All pictures are to be excluded when the data below is output verbatim.

··········

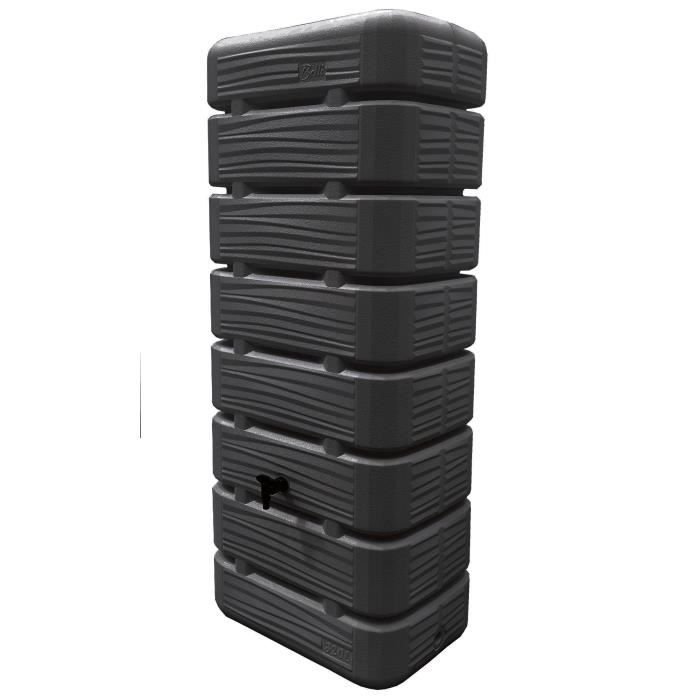 Wassersammler - BELLI - Dune - 320 Liter - Anthrazit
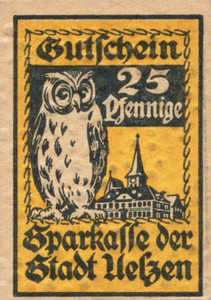 Germany, 25 Pfennig, U3.6b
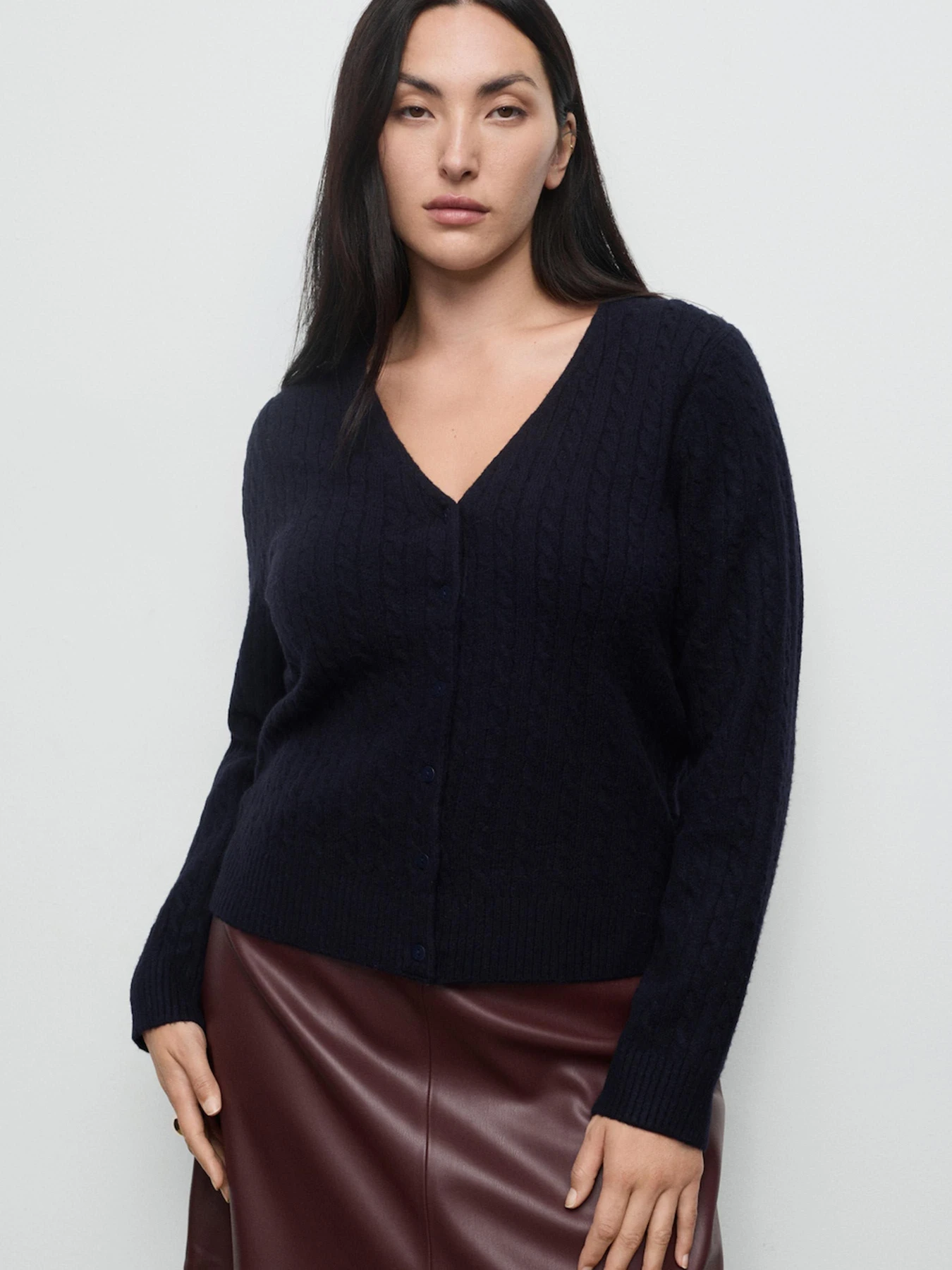 Светри та кардигани MANGO MARINE модель 17037782_56 Фото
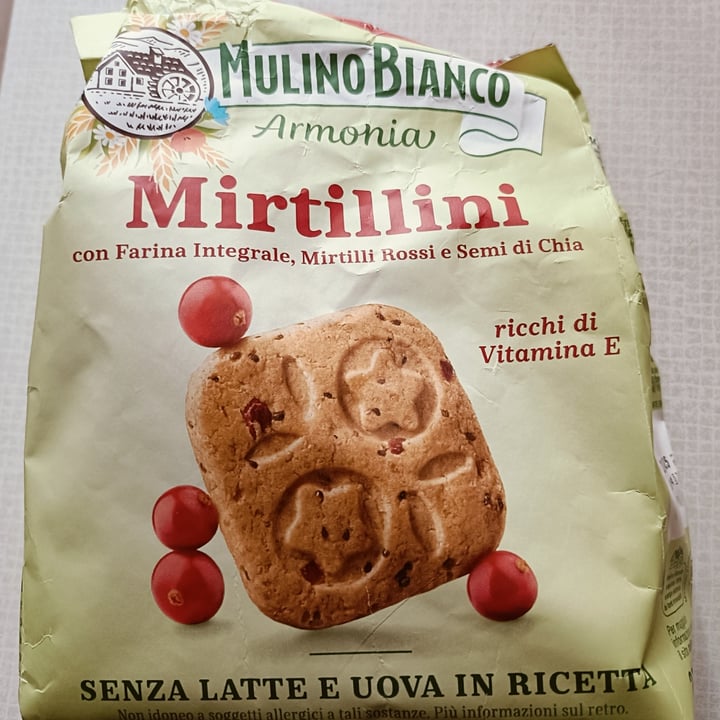 photo of Mulino Bianco Armonia mirtillini shared by @vaccallegra on  15 Jan 2025 - review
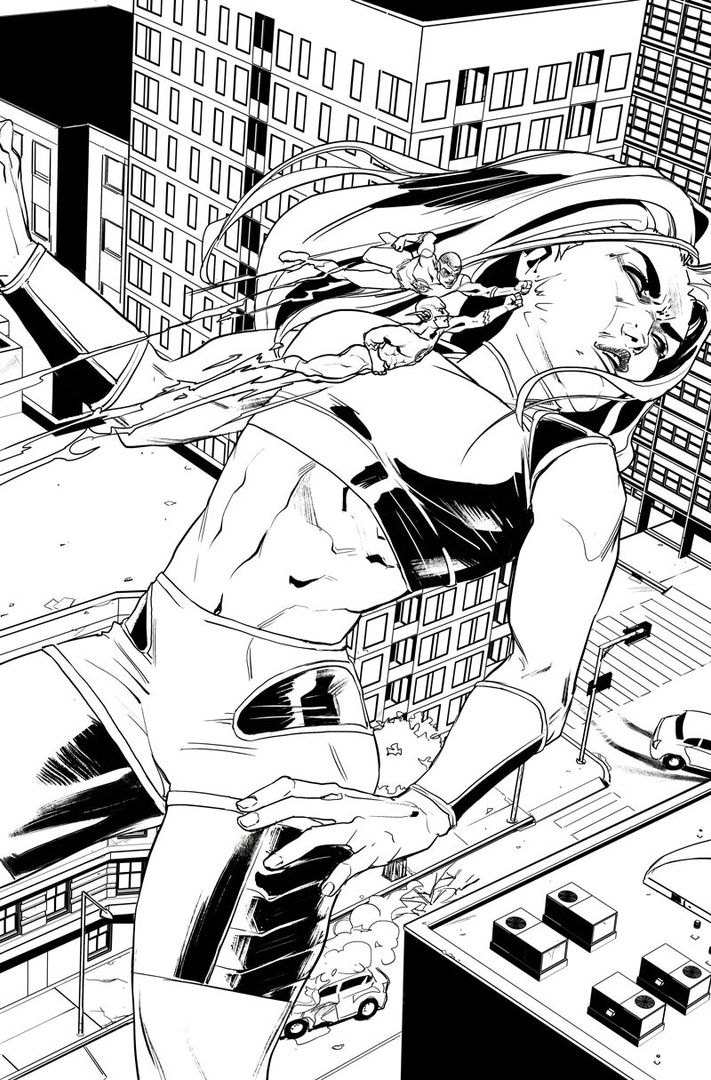 JUSTICE LEAGUE: Road To Dark Crisis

··········

Solution for this task -
 Wassersammler - BELLI - Dune - 320 Liter - Anthrazit
 Germany, 25 Pfennig, U3.6b
 Светри та кардигани MANGO MARINE модель 17037782_56 Фото
 photo of Mulino Bianco Armonia mirtillini shared by @vaccallegra on  15 Jan 2025 - review
 JUSTICE LEAGUE: Road To Dark Crisis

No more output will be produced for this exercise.